Question: Why do θ = 30° and θ = 60° give the same range for the same launch speed u?

Chain:

$R = \frac{u^2\sin 2\theta}{g}$

→ For θ = 30°: $R_{30} = \frac{u^2\sin(60°)}{g} = \frac{u^2 \times 0.866}{g}$

→ For θ = 60°: $R_{60} = \frac{u^2\sin(120°)}{g} = \frac{u^2 \times 0.866}{g}$

→ $\sin(2 \times 30°) = \sin 60°$ and $\sin(2 \times 60°) = \sin 120°$

→ But $\sin 60° = \sin(180° - 60°) = \sin 120°$ (supplementary angles have equal sines)
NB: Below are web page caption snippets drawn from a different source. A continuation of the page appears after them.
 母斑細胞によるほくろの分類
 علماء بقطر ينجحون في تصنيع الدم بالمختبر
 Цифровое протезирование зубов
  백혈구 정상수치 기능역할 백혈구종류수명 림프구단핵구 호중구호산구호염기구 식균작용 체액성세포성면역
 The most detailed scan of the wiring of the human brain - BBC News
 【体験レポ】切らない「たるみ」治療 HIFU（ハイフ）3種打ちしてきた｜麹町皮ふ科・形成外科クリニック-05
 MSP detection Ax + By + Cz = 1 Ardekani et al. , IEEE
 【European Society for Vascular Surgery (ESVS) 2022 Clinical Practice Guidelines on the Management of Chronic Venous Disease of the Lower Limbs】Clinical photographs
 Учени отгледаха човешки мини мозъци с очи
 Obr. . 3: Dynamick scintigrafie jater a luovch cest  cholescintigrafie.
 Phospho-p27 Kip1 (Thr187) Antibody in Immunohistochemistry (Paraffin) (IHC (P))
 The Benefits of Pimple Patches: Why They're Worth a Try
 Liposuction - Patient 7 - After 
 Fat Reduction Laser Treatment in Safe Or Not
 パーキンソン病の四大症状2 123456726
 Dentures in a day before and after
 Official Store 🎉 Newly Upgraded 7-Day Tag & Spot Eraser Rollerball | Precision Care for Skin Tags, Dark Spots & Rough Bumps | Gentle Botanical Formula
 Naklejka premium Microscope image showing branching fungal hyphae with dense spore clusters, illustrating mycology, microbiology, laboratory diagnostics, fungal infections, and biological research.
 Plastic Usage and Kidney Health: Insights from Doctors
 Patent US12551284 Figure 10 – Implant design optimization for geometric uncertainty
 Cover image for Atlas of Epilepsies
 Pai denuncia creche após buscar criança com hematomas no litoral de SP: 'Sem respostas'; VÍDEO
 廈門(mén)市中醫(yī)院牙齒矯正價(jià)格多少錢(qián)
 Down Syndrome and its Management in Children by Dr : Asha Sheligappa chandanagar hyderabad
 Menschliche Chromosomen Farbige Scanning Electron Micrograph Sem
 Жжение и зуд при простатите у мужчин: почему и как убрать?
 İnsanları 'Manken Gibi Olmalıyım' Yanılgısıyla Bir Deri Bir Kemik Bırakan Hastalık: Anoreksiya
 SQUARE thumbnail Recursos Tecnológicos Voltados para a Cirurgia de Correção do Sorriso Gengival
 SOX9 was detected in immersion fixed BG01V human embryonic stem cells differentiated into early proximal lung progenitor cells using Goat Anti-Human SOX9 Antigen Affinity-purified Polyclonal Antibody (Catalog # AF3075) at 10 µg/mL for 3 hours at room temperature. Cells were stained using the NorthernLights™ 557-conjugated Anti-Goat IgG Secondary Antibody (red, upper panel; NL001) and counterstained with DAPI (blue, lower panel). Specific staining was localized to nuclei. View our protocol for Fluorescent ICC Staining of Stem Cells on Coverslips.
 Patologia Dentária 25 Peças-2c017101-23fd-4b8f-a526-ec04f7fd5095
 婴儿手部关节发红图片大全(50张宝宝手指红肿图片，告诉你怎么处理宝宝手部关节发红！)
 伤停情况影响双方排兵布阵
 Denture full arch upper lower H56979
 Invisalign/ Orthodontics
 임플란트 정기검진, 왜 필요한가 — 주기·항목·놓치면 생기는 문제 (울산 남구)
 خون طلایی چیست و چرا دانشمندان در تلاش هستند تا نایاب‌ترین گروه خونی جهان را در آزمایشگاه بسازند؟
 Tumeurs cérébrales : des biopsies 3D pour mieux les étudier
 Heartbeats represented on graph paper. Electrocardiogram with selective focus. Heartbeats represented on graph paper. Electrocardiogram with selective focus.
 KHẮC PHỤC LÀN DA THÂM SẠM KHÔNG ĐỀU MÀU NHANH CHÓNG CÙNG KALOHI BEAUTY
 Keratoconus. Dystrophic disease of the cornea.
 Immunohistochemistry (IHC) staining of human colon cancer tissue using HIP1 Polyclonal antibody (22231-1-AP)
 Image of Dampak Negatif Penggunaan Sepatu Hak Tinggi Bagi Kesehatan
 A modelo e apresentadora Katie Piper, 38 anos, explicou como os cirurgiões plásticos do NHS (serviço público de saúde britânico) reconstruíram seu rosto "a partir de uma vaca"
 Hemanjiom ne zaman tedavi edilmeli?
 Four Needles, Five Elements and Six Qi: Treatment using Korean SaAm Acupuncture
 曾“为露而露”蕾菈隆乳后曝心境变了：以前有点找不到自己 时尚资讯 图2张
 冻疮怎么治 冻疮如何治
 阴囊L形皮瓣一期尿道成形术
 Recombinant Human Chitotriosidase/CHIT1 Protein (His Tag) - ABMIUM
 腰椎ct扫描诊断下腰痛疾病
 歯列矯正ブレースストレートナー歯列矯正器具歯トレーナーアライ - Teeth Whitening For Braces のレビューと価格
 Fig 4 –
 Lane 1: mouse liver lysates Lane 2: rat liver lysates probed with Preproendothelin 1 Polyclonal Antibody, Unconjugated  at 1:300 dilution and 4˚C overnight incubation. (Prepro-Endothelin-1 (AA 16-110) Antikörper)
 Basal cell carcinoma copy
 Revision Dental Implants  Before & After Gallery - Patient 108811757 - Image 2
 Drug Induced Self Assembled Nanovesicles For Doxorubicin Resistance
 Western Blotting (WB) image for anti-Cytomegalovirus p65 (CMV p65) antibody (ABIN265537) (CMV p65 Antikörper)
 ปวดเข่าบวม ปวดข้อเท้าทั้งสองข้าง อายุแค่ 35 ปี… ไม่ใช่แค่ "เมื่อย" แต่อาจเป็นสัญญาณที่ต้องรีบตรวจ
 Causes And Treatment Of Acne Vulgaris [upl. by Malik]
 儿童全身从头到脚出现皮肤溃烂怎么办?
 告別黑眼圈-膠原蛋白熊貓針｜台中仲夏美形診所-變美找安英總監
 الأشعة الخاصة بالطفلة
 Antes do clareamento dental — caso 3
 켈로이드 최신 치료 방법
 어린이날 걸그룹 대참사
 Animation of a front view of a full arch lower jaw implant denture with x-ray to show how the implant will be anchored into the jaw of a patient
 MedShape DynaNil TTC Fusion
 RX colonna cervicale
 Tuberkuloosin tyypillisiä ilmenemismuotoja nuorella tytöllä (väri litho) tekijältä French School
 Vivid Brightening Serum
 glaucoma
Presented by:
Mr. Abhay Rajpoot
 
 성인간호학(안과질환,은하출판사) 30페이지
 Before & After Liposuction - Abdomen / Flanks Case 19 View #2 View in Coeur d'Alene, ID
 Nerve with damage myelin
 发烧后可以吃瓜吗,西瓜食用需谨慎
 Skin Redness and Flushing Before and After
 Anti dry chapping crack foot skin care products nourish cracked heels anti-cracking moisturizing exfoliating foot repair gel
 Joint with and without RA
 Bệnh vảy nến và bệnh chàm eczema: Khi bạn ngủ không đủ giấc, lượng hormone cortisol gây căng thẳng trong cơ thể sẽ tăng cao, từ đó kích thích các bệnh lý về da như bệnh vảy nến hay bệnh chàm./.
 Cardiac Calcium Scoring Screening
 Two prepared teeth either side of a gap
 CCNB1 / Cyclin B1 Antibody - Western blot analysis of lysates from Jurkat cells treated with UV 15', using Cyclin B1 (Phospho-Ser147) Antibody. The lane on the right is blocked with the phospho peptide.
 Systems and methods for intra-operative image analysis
→ Therefore $R_{30} = R_{60}$ ✓

Why heights differ:

$H = \frac{u^2\sin^2\theta}{2g}$

→ $H_{30} = \frac{u^2\sin^2 30°}{2g} = \frac{u^2(0.25)}{2g}$

→ $H_{60} = \frac{u^2\sin^2 60°}{2g} = \frac{u^2(0.75)}{2g}$

→ $\frac{H_{60}}{H_{30}} = \frac{0.75}{0.25} = 3$

→ The steeper angle (60°) converts more initial speed into vertical motion → rises 3× higher

Takeaway: Equal ranges arise from equal $\sin(2\theta)$ values (supplementary 2θ angles). But $\sin^2\theta$ values differ — hence unequal heights. This is a pure trigonometric result, not a coincidence.